The task:
Could you transcribe the records below exactly, leaving out every picture?

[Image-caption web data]
——

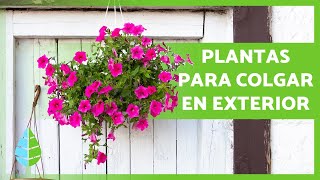 10 PLANTAS COLGANTES de EXTERIOR 🌸🌿 de Sol y de Sombra [upl. by Sadiras]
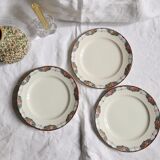 Lot of 5 dessert plates - iron earth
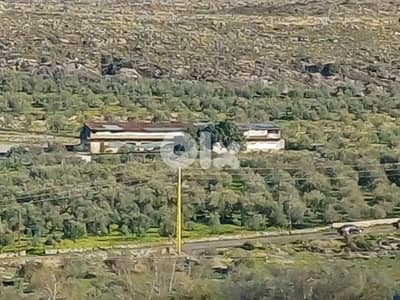 مزرعة مرخصة للبيع في بزيزا-الكورة lands +Farm for sale in Bziza_koura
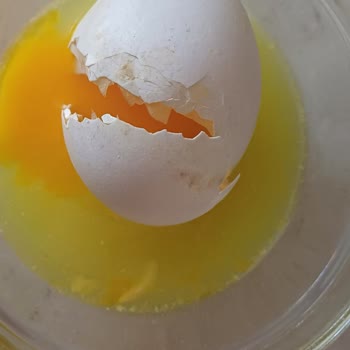 Lele Yumurta Yumurta Sorunları Ve Müşteri Hizmetleriyle Yaşanan Zorluklar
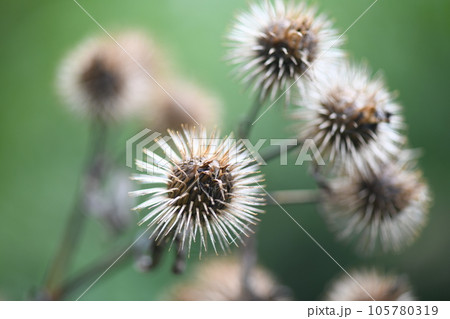 水分を含んだゴボウ(牛蒡)の果実 水分を含んだゴボウ(牛蒡)の果実 105780319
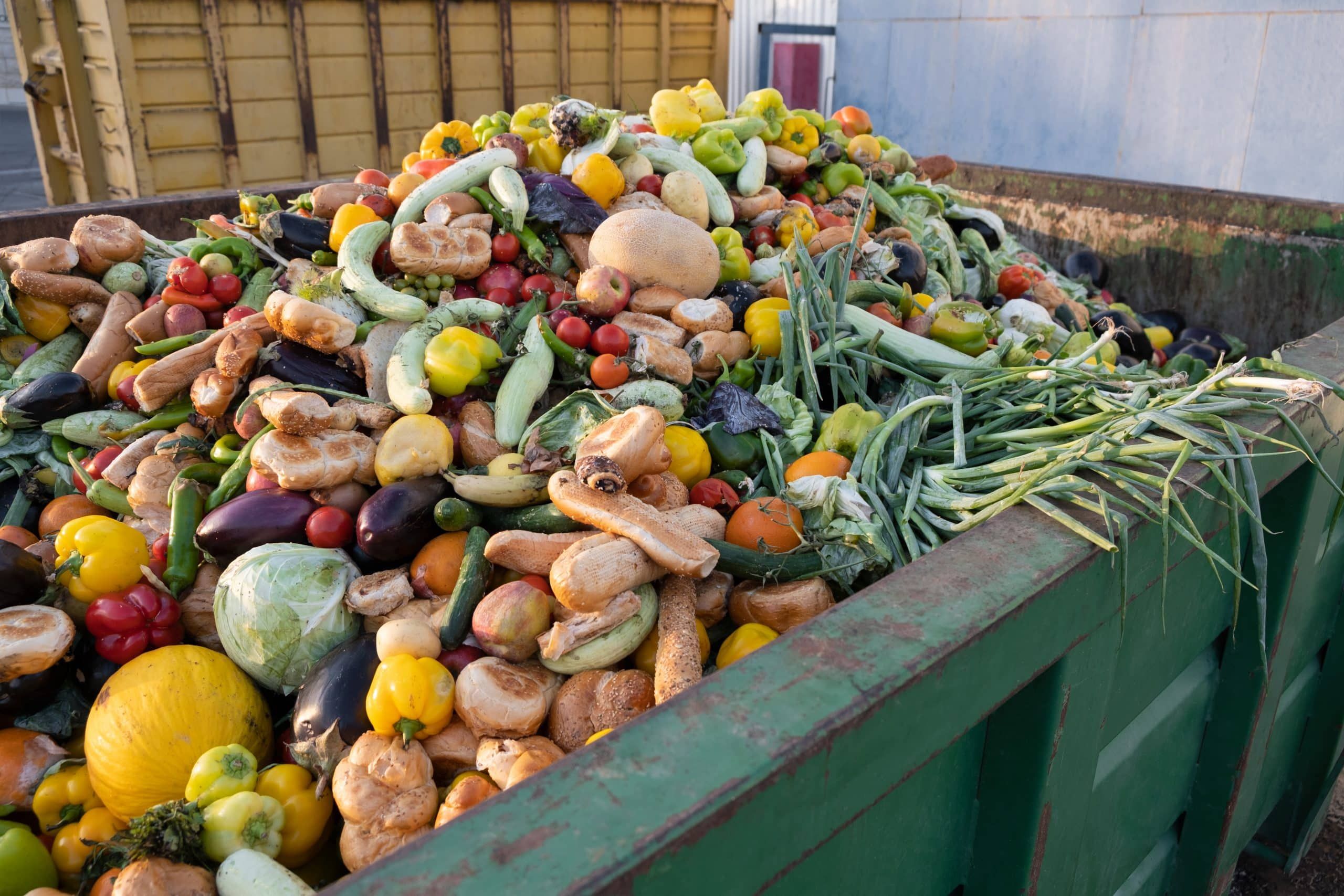 Waste Not, Want Not: How Data Analytics Can Tackle Food Waste
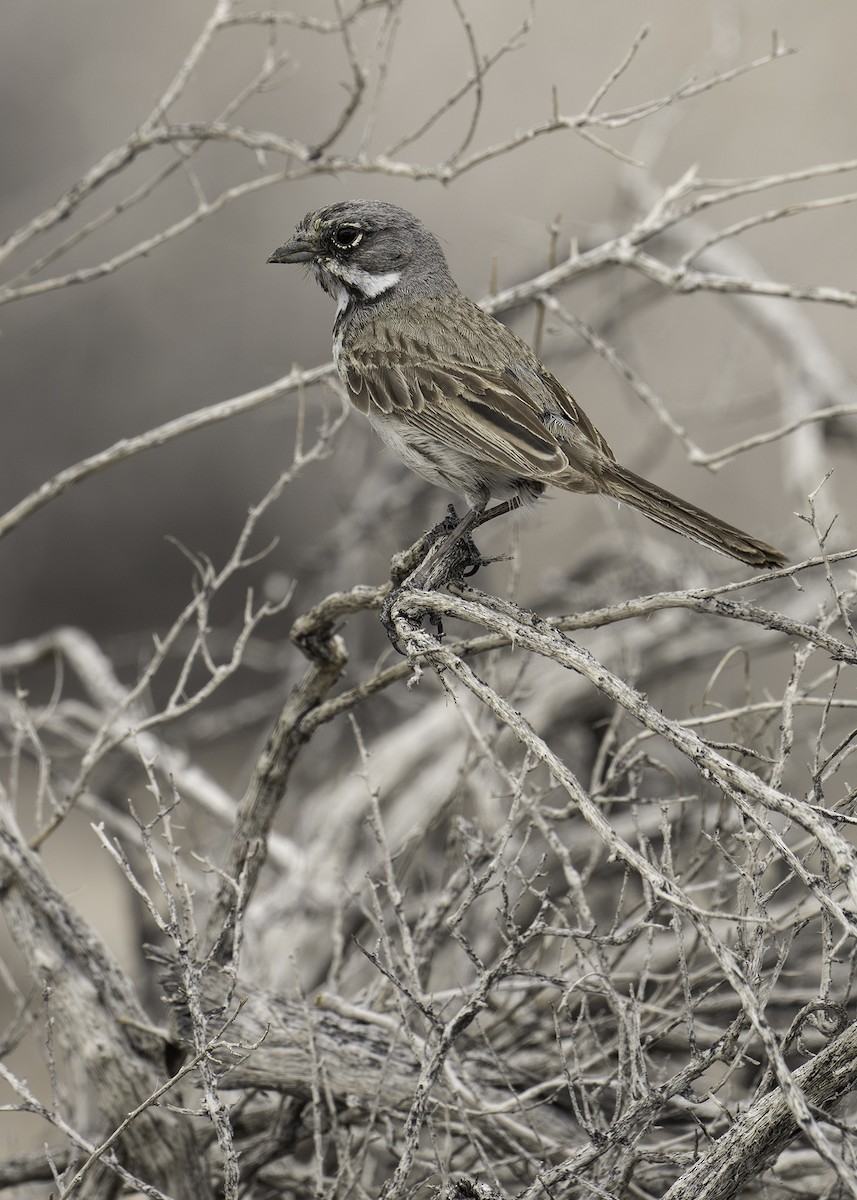 Bell's Sparrow - ML573291211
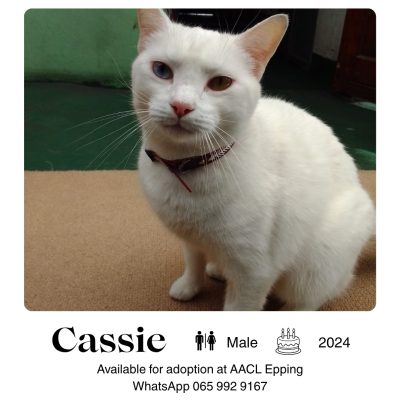 Cassie
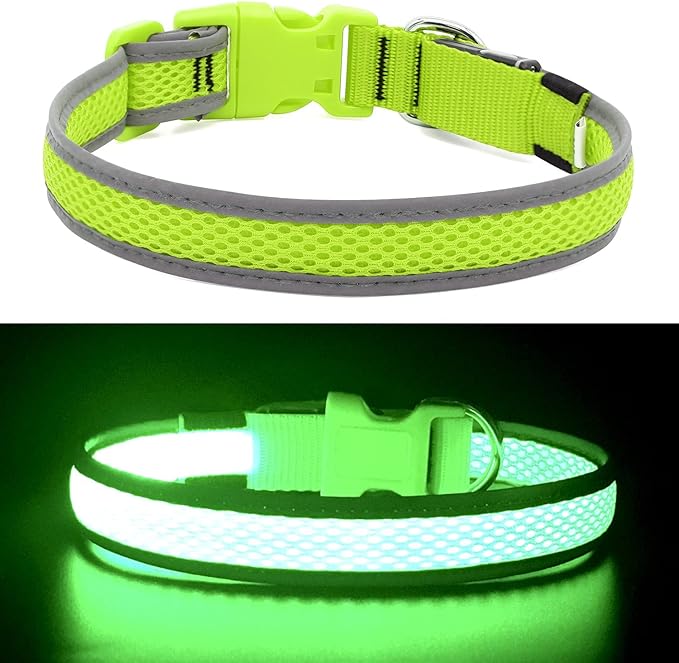 YFbrite Light up Dog Collars, USB Rechargeable LED Dog Collar, Adjustable LED Cat Collar, Durable Flashing Collar for Cats, Puppy, Small, Medium, Large Dogs (Green, XS)
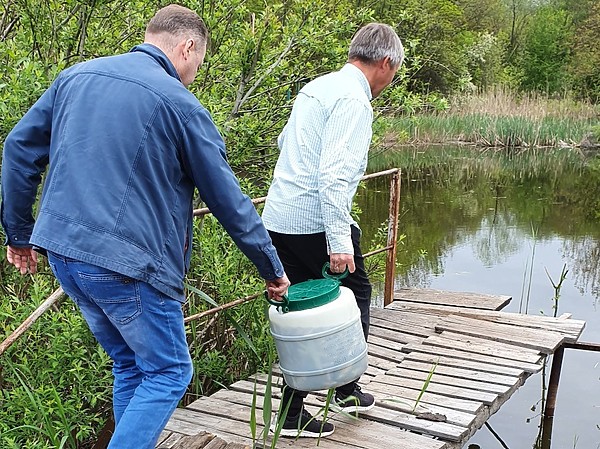 Изображение Фото: Геннадий Шеляг.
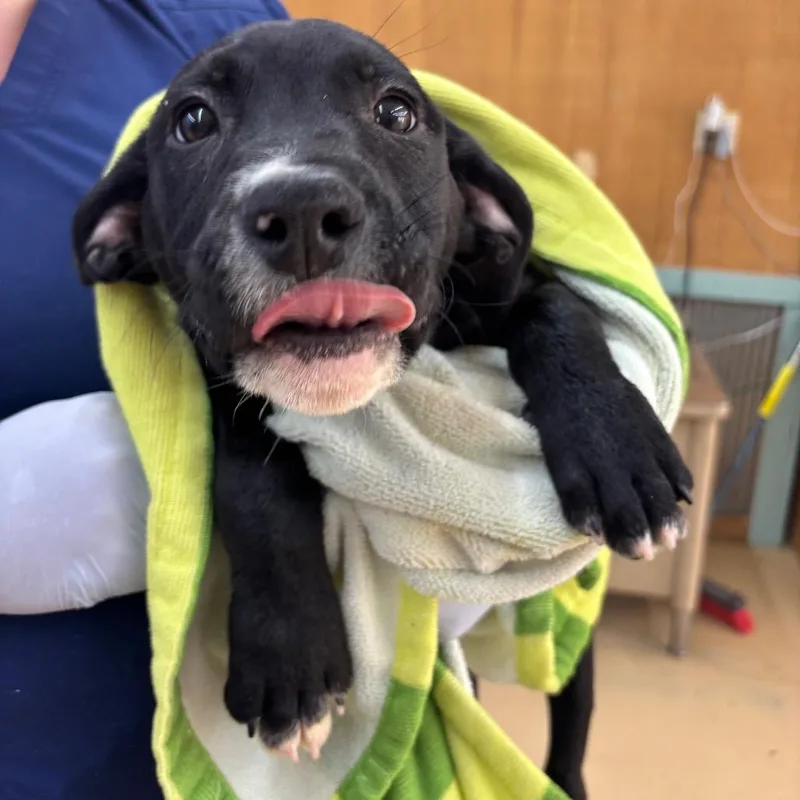 A baby small-sized male Black Labrador Retriever dog named Zain for adoption in Parrish, AL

——

Solution for this problem:
 10 PLANTAS COLGANTES de EXTERIOR 🌸🌿 de Sol y de Sombra [upl. by Sadiras]
 Lot of 5 dessert plates - iron earth
 مزرعة مرخصة للبيع في بزيزا-الكورة lands +Farm for sale in Bziza_koura
 Lele Yumurta Yumurta Sorunları Ve Müşteri Hizmetleriyle Yaşanan Zorluklar
 水分を含んだゴボウ(牛蒡)の果実 水分を含んだゴボウ(牛蒡)の果実 105780319
 Waste Not, Want Not: How Data Analytics Can Tackle Food Waste
 Bell's Sparrow - ML573291211
 Cassie
 YFbrite Light up Dog Collars, USB Rechargeable LED Dog Collar, Adjustable LED Cat Collar, Durable Flashing Collar for Cats, Puppy, Small, Medium, Large Dogs (Green, XS)
 Изображение Фото: Геннадий Шеляг.
 A baby small-sized male Black Labrador Retriever dog named Zain for adoption in Parrish, AL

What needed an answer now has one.